Latar Belakang: Trans Uretral Reseksi Prostat merupakan Gold Standar untuk BPH (Benigna Prostat Hiperplasia) di dunia, tindakan ini dilakukan dengan cara reseksi atau pengerokan jaringan prostat melalui uretra dengan alat resektoskop dengan tujuan destruksi dari saluran kencing. Traksi kateter bertujuan mengurangi perdarahan dengan menarik balon kateter ke arah balderneck dan menghalangi masuknya perdarahan prostat kedalam kandung kemih.
Tujuan Penelitian: Mengetahui pengaruh pemasangan traksi kateter pada pasien Post Op TURP terhadap timbulnya perdarahan.
Metode Penelitian: Jenis penelitian ini menggunakan desain pra experiment one-group pra test post test design. Penelitian ini dilaksanakan di Ruang Seruni RSUD Gambiran Kota Kediri pada tanggal 20 Februari 2012-20 April 2012. Subjek penelitian adalah pasien Post Op TURP yang dirawat di Ruang Seruni RSUD Gambiran Kota Kediri diambil dengan menggunakan teknik Purposive Sampling. Jumlah sampel yang didapat sebanyak 25 orang dan sudah ditentukan berdasarkan kriteria inklusi dan ekslusi. Pengumpulan data dilakukan dengan menggunakan lembar observasi.

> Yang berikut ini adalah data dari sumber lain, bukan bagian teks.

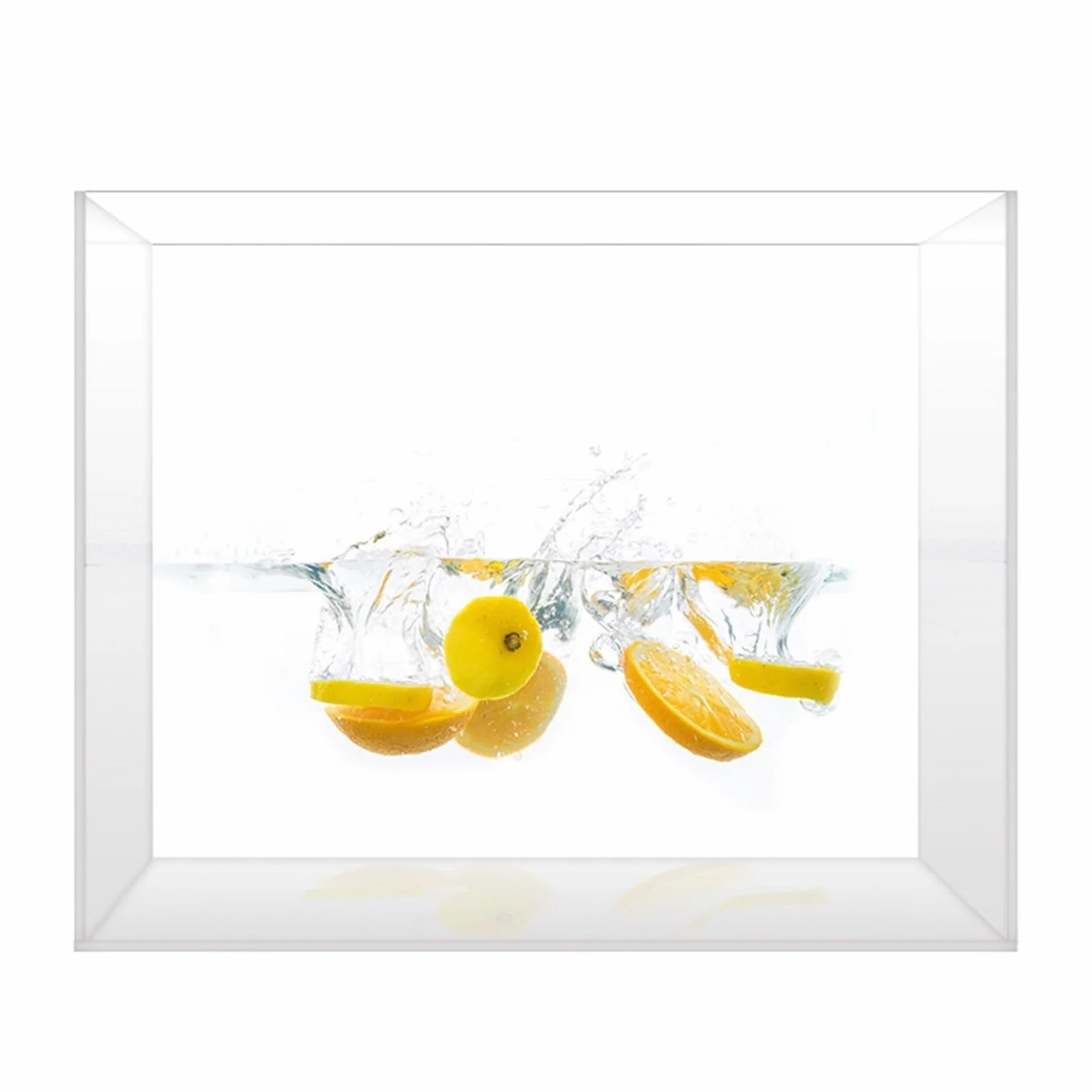 Przezroczysta akrylowa fotografia zbiornik na wodę - płytka umywalka 15 x 10-30 x 20 cm (15 x 9,9 x 20 cm) do profesjonalnej fotografii i wyświetlaczy wodnych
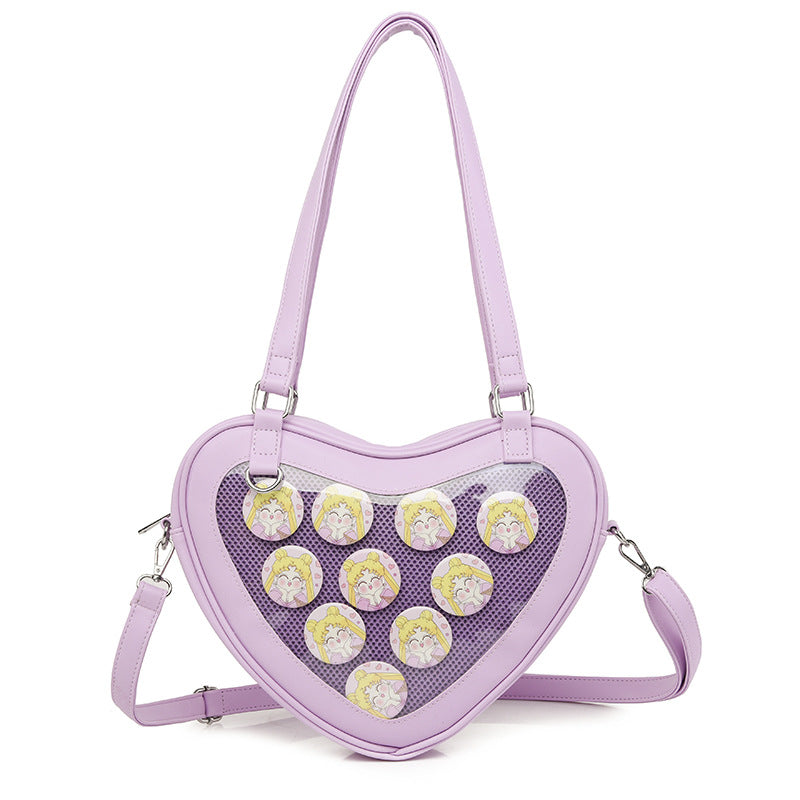 Style Uniform Lolita Heart-shaped Cartoon Bar Bags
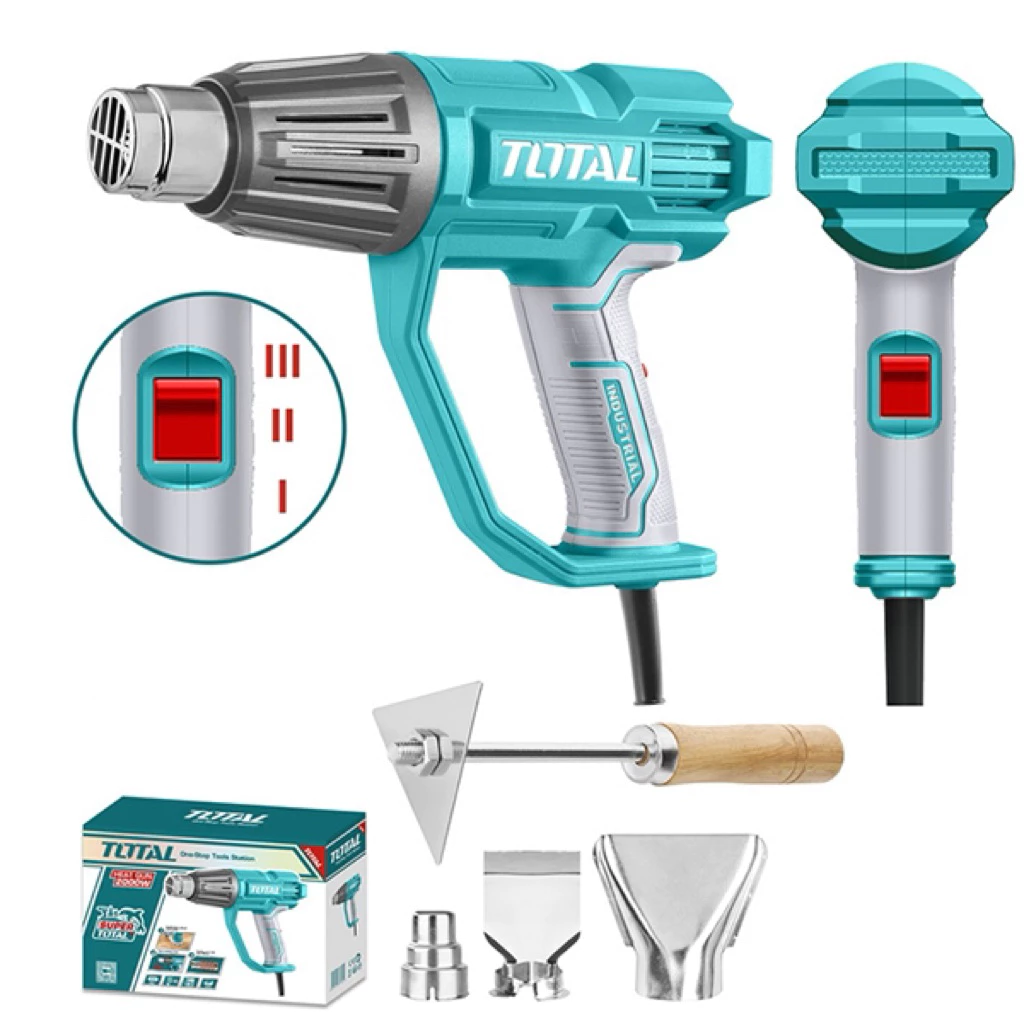 Sản phẩm Máy Thổi Nhiệt 2000W Total TB20078 – Giải Pháp Khò Nhiệt Chuyên Nghiệp, Mạnh Mẽ và Bền Bỉ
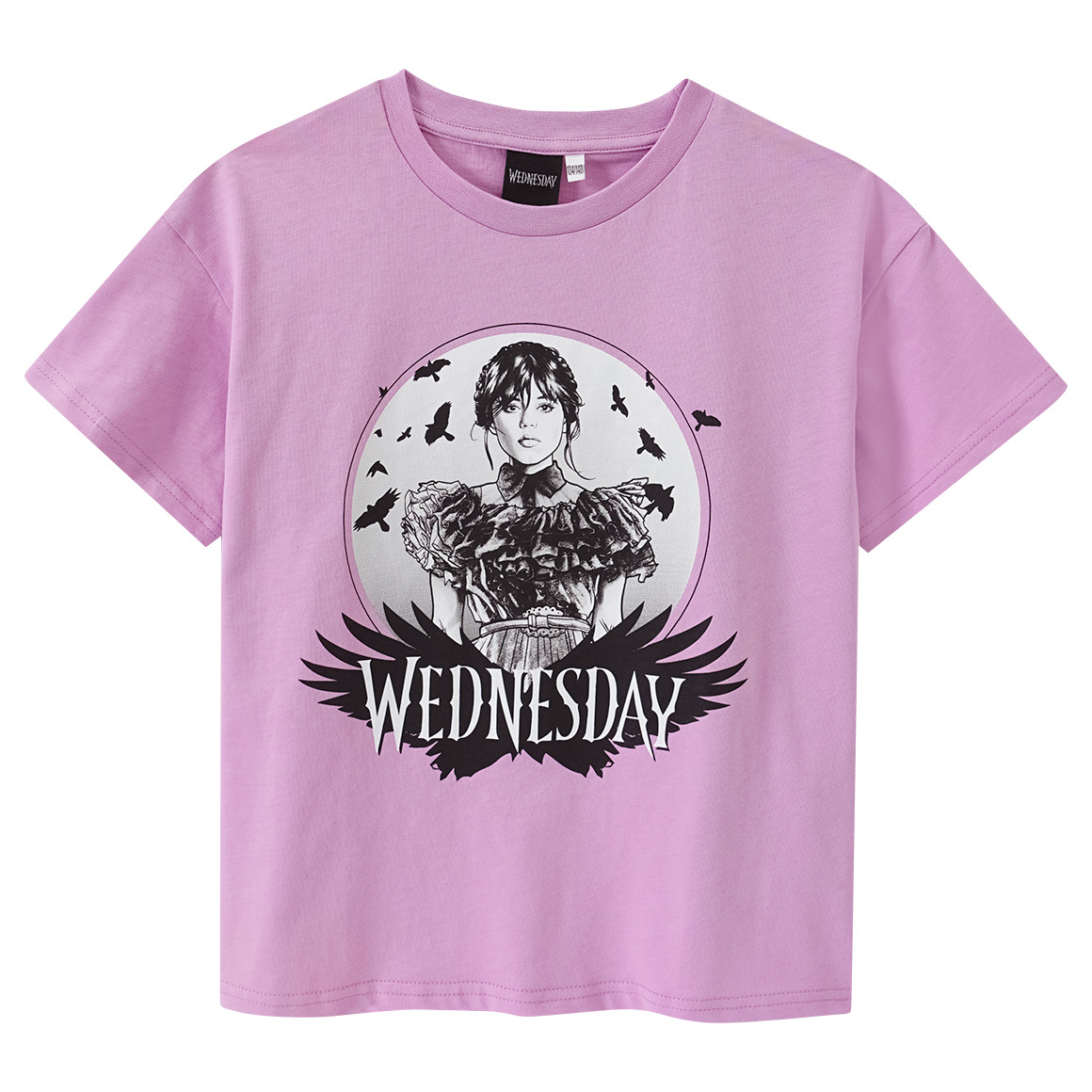 Yigga WEDNESDAY T-Shirt mit Print helllila
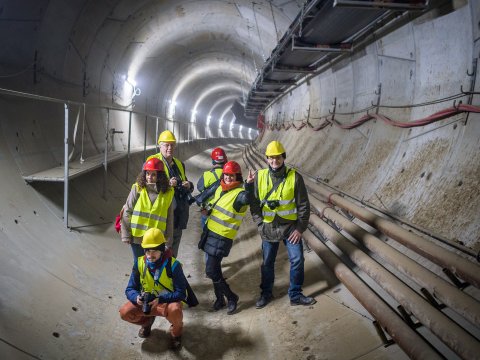 In tunel - Santier metrou Drumul Taberei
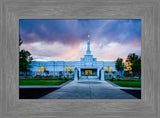 Medford Temple - Sunset - framed giclee canvas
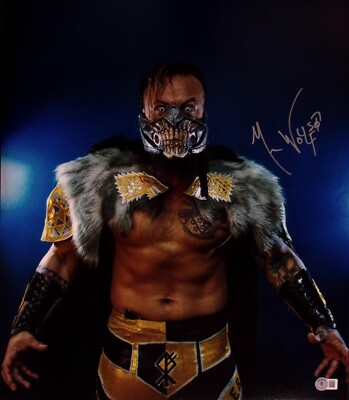 Mecha Wolf Mr. 450 Signed 16x20 Photo BAS COA WWC NXT NWA Lucha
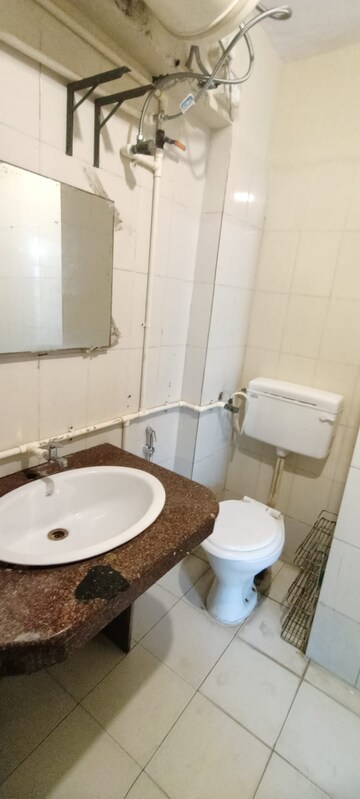 Bathroom in  Office Space at Millennium Business Park, T.T.C. Industrial Area – for Rent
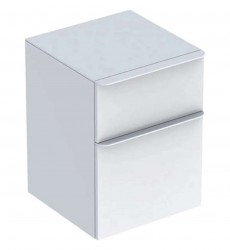 GEBERIT - Smyle Square Bočný skrinka, 2 zásuvky, lesklá biela (500.357.00.1)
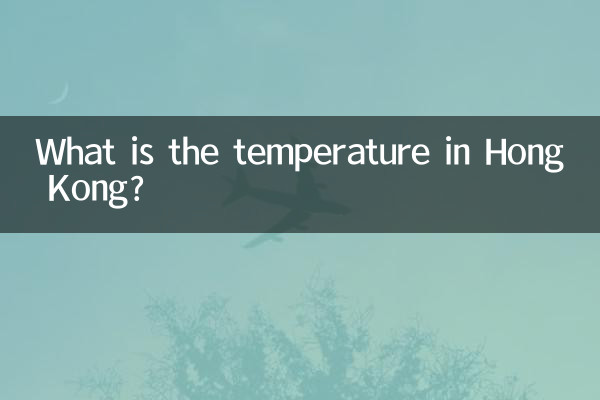 Wie hoch ist die Temperatur in Hongkong?
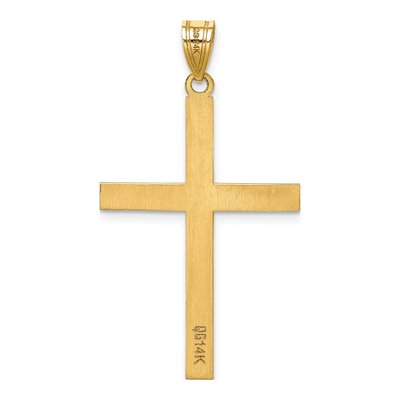 14K Yellow Gold Cross Pendant – view 5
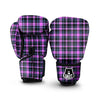Buffalo Plaid Purple Print Pattern Boxing Gloves-grizzshop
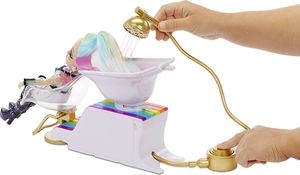 MGA Tęczowy Salon Fryzjerski Rainbow High z farbami 4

Data dianalisis menggunakan Uji Cochran.
Hasil: Dari observasi 30 menit menjelang akhir operasi sebelum pemasangan traksi kateter terjadi perdarahan sebesar 48%, setelah pemasangan traksi kateter diobservasi 1-12 jam terjadi perdarahan sebesar 20% dan observasi 12-24 jam terjadi perdarahan sebesar 8%.
Kesimpulan : Terdapat pengaruh pemasangan traksi kateter pada pasien post op TURP terhadap timbulnya perdarahan dengan p 0,001.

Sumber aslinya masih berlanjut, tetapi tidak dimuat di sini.